Is Facebook Dead?

Is Facebook Dead?

I have written about Facebook for years. Sometimes I have spoken highly of it, other times I dislike it for its never ending “moaning” and promotion. I wrote an article this month about having a “dislike” button installed. It only makes sense. If we can Like something, why not Dislike it? It this rude? Maybe. But then I can let others know when I disagree with them or are turned off by the close-up of their taco dinner!

Outside of the wonderful birthday greetings I get from my FB friends, I am growing tired of the Facebook site. It may be time for me to switch my efforts to Flickr where I can post pictures and say little else. Then I will not have to hear about everyone’s lives in detail. I think there has to be a better place to revel your most private moments, not on Facebook to 1000 friends you have never met.

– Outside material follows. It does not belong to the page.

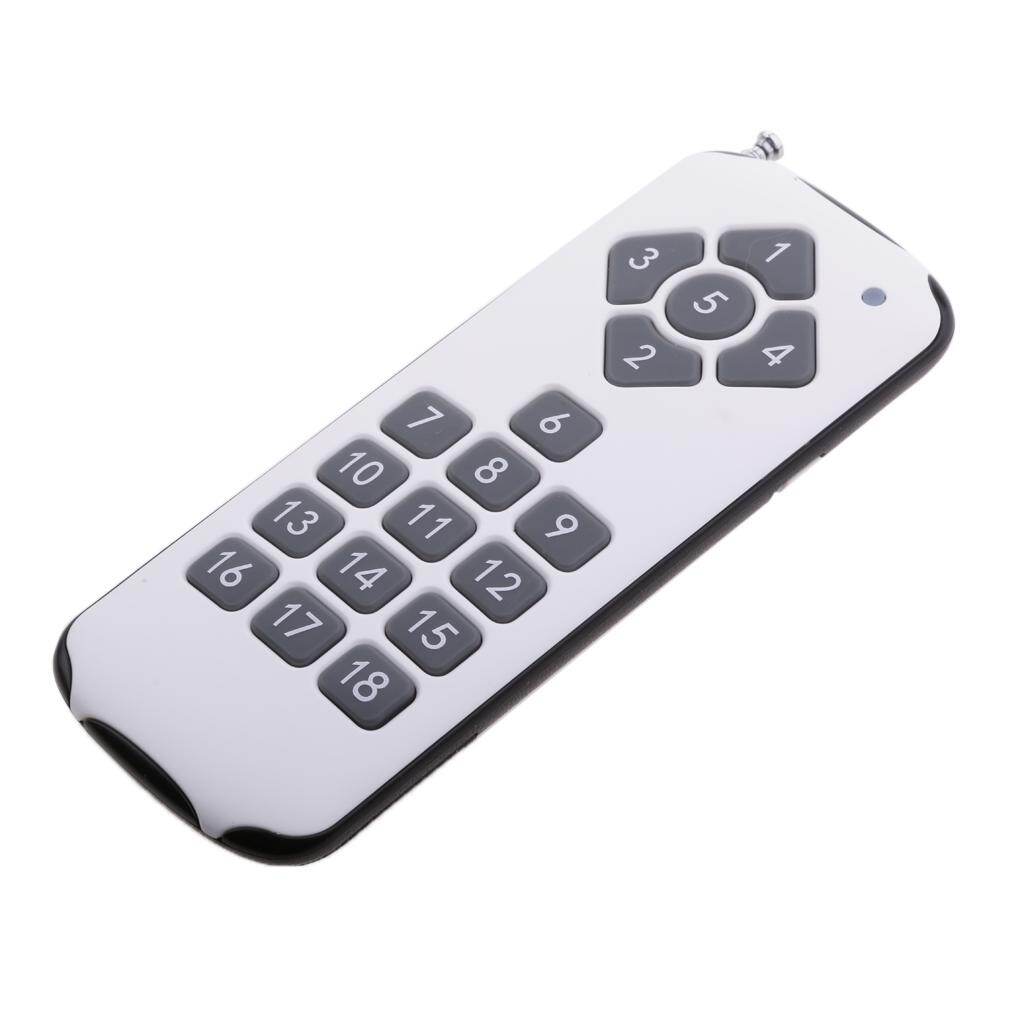 Baoblaze DC 12V-24V 18 Channel Wireless Remote Control Switch Receiver Transmitter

When did we all get so wrapped up in sharing our most private information to complete strangers? Are we just so pressured in doing so because “everyone else is?” Or is it because we feel special when our comment or photo is “Liked?” Are we really developing a following that we can benefit from?

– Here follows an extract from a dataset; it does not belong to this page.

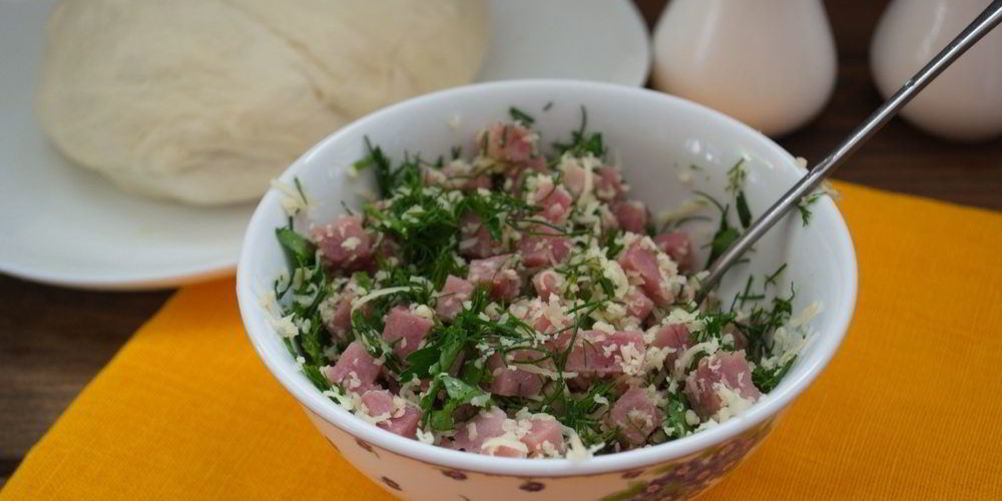 Рецепт начинка для рулета из ветчины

The beauty of the internet is that you can reach so many people on sites like You Tube, Facebook and Twitter that allow you to build your database of acquaintances as you develop your personal or professional brand. Yes, we do get the reach of audience, but are these the people we want to correspond with and is it worth the time invested to do so?

I am not alone in this opinion. Is Facebook becoming an ineffective tool? Is it Dead? It has had a good run. The founder sold out at the right time. It is no longer the cool site it used to be on. Based on my experience, Pinterest is the new hot site for social media correspondence on the web.

Facebook also has a privacy problem. Re-posting someone’s photo without their permission is becoming an issue. The amount of invitations I receive from my network to their events fills up my calendar and many comments are just getting nastier.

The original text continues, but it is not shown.